--- Data for processing ---
• • • • •
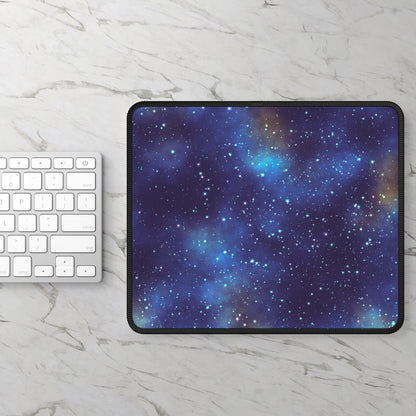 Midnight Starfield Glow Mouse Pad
• • • • •
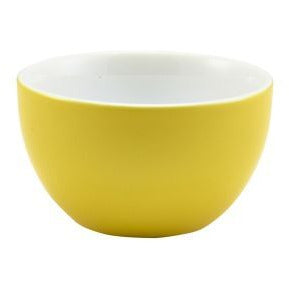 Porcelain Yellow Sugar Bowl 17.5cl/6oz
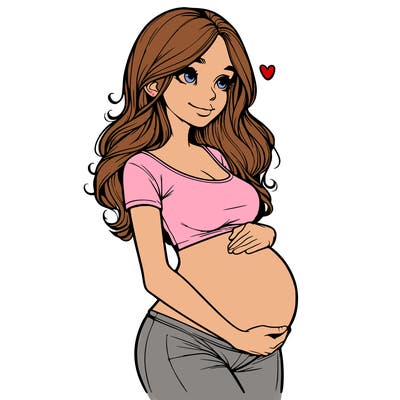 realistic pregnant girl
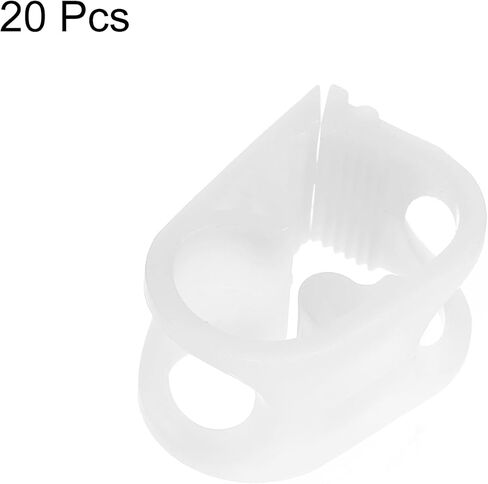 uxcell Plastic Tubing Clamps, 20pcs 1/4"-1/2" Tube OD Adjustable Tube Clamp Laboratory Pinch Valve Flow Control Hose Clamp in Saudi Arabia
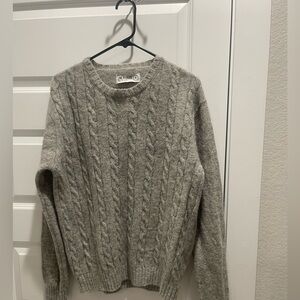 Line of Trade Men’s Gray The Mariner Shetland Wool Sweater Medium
• • • • •
--- What the task asks ---
Output should consist of the lines above from the one with "realistic pregnant girl" down to the one with "Line of Trade", exact and without pictures.

--- Result of the task ---
 realistic pregnant girl
 uxcell Plastic Tubing Clamps, 20pcs 1/4"-1/2" Tube OD Adjustable Tube Clamp Laboratory Pinch Valve Flow Control Hose Clamp in Saudi Arabia
 Line of Trade Men’s Gray The Mariner Shetland Wool Sweater Medium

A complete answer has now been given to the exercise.